# [EXCERPTED DATA]

========

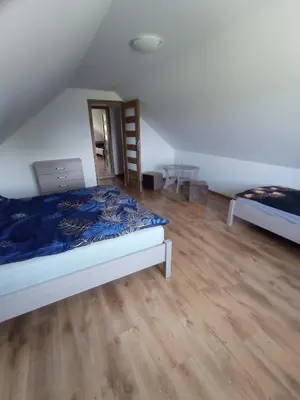 Łóżko lub łóżka w pokoju w obiekcie Sielankowy Domek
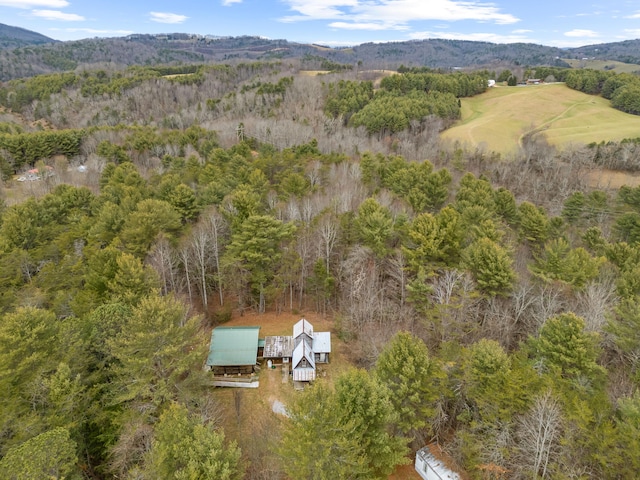 drone / aerial view featuring a view of trees and a mountain view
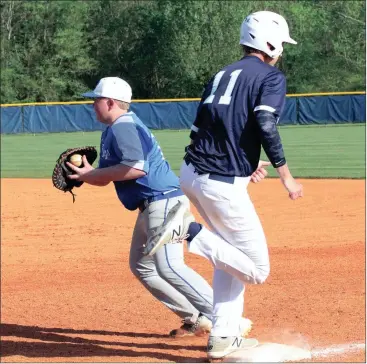  ??  ?? Rossville first baseman Houston Henry makes a catch to force out Gordon Lee’s Henry Ellis during an game in Chickamaug­a this past Thursday. (Messenger photo/Scott Herpst)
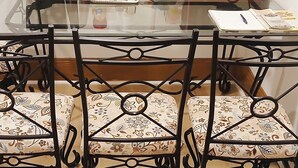 A dining table with a coffee maker, microwave, and food items. - The Williams Center (New London)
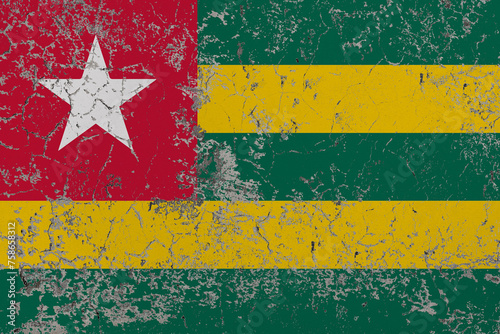 Destructible, crumbling stone wall. Conceptual background in colors flag of Togo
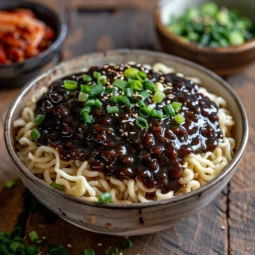 ajangmyeon - Thick noodles coated in a rich black bean sauce with pork, vegetables and garnished with cucumber and sesame seeds.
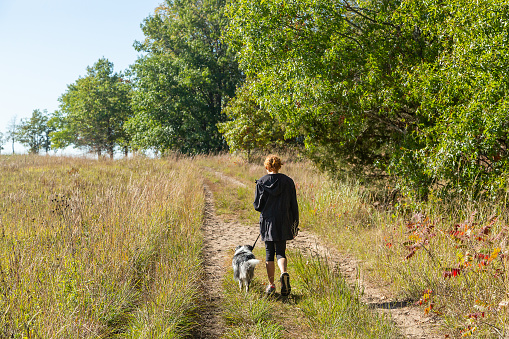 Rear view of a girl taking her Australian Shepherd dog for a walk outside on a beautiful autumn day. Taken at Crow-Hassan Park Reserve in Minnesota, USA.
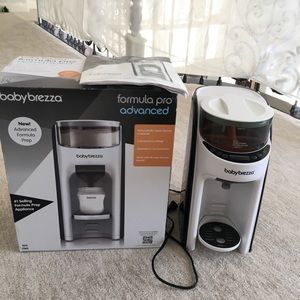 SOLD!!! New and improved Baby Brezza formula pro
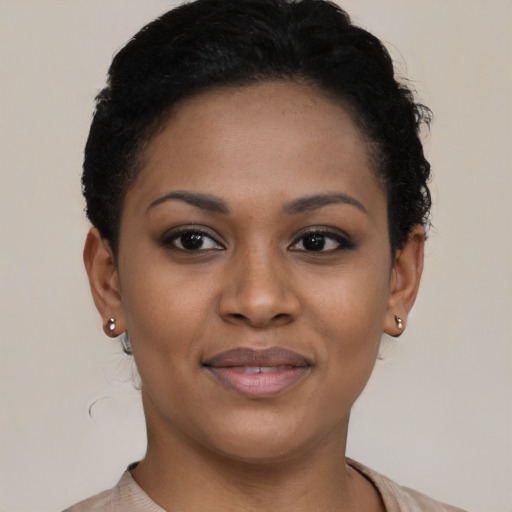 Joyful black young-adult female with short  brown hair and brown eyes
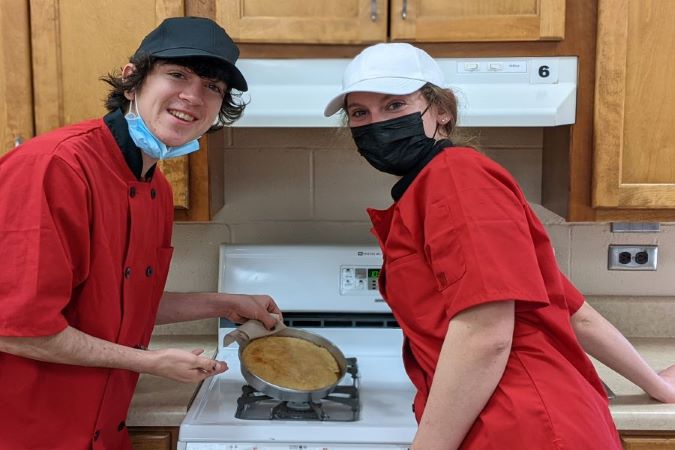 Two students show off what they baked in the HMD kitchen.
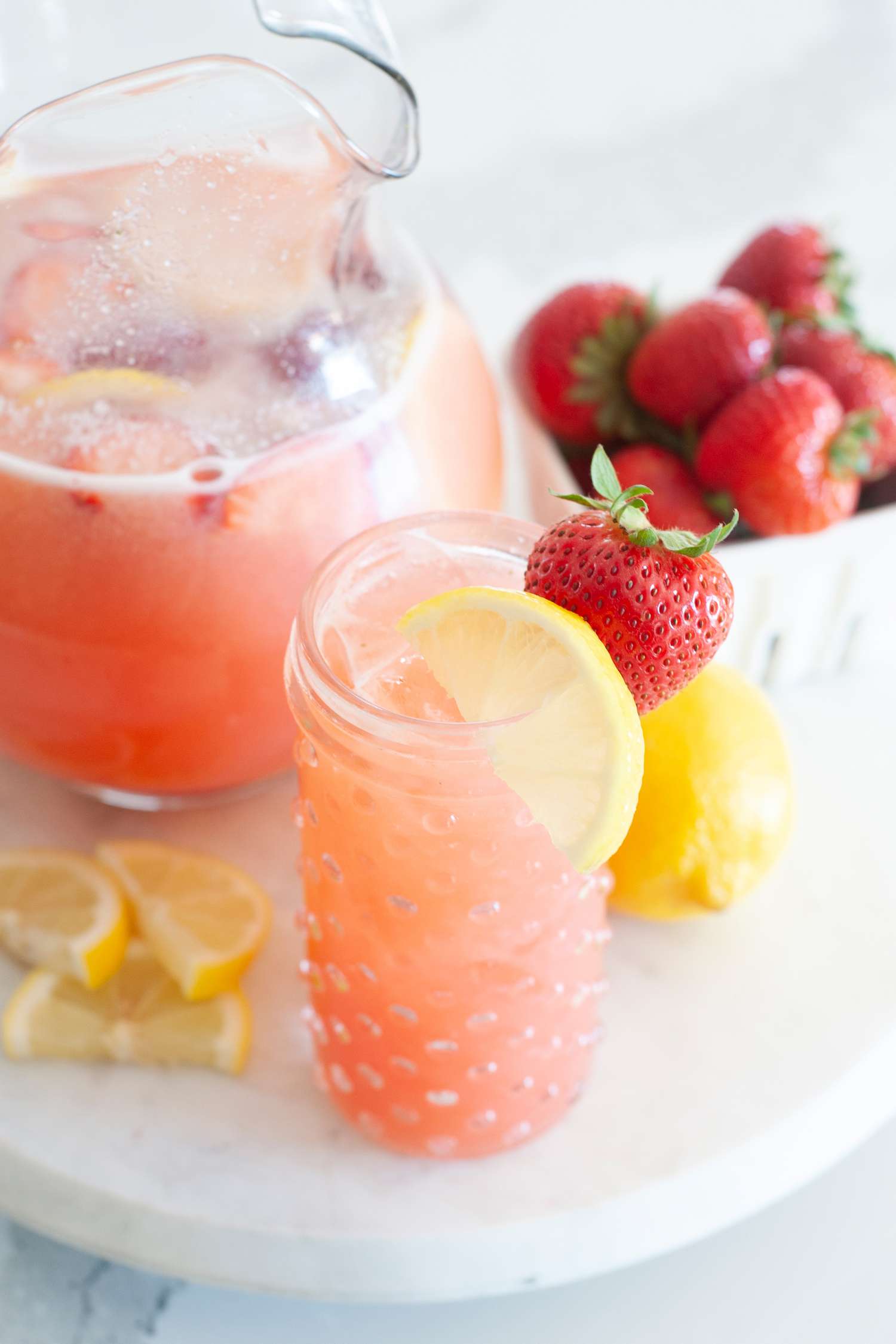 A round platter with a glass and pitcher of blender strawberry lemonade.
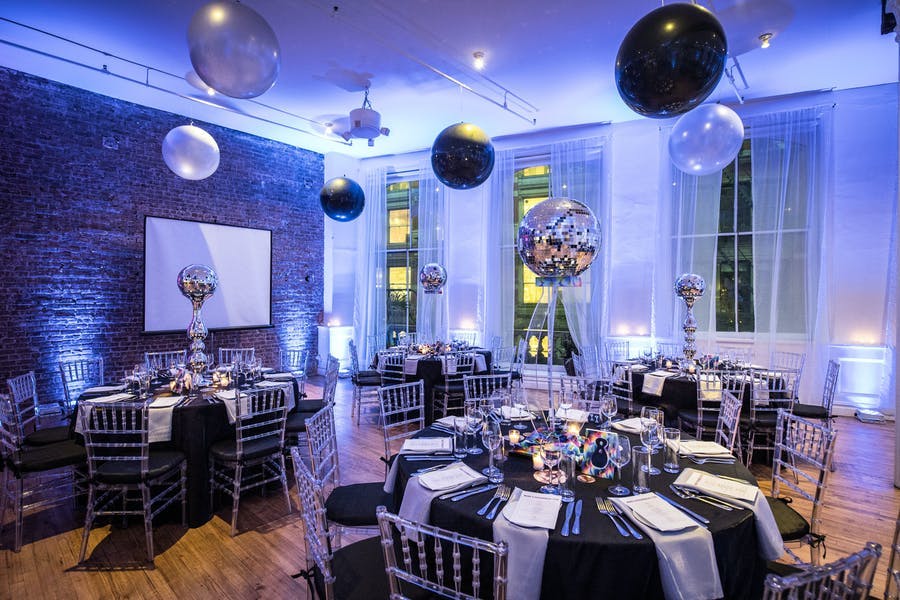 An industrial style room lit up blue. Centerpieces are raised disco balls and balloons are on the ceiling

========

# [WHAT YOU WILL DO]
Your answer must be only the lines from the one that holds "A round platter" to the end of the listing, each restated word for word, with both ends kept and pictures left out.

# [TASK RESULT]
 A round platter with a glass and pitcher of blender strawberry lemonade.
 An industrial style room lit up blue. Centerpieces are raised disco balls and balloons are on the ceiling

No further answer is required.